◆ Directions:
Nothing after the line containing "Creating A Summary View" belongs in the answer; write out exactly every line from the start of the material up to it, including it.

—————

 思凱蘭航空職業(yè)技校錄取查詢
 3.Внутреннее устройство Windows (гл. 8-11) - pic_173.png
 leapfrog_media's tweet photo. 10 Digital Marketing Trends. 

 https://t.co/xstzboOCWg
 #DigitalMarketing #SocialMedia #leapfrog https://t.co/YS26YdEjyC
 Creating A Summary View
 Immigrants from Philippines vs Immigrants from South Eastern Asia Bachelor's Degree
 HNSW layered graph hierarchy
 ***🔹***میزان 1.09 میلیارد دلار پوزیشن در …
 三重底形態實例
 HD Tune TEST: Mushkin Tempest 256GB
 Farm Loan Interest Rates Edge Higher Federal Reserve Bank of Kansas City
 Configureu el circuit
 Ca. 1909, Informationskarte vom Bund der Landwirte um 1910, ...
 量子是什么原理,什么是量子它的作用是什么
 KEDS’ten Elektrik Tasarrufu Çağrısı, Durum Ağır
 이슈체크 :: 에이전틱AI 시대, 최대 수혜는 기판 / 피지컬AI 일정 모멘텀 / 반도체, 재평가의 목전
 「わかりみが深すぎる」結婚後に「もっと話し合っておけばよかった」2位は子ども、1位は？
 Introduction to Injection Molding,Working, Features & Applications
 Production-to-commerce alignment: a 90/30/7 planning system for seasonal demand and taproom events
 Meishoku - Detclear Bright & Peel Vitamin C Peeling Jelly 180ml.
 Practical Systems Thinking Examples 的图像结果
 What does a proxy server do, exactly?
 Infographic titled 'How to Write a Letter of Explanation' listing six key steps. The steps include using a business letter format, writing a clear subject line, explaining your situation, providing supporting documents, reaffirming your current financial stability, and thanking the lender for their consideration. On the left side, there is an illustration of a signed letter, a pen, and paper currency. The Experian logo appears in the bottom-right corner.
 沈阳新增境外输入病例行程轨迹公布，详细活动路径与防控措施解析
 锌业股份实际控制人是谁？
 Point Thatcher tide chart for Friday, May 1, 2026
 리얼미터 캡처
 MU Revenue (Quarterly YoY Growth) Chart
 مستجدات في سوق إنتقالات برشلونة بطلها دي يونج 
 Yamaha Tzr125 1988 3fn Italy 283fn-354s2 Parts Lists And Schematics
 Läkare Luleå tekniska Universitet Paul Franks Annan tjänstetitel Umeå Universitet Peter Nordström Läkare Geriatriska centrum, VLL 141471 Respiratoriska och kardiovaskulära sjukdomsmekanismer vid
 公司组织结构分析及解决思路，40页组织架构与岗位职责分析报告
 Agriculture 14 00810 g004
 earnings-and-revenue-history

—————

◆ Output of the task:
 思凱蘭航空職業(yè)技校錄取查詢
 3.Внутреннее устройство Windows (гл. 8-11) - pic_173.png
 leapfrog_media's tweet photo. 10 Digital Marketing Trends. 

 https://t.co/xstzboOCWg
 #DigitalMarketing #SocialMedia #leapfrog https://t.co/YS26YdEjyC
 Creating A Summary View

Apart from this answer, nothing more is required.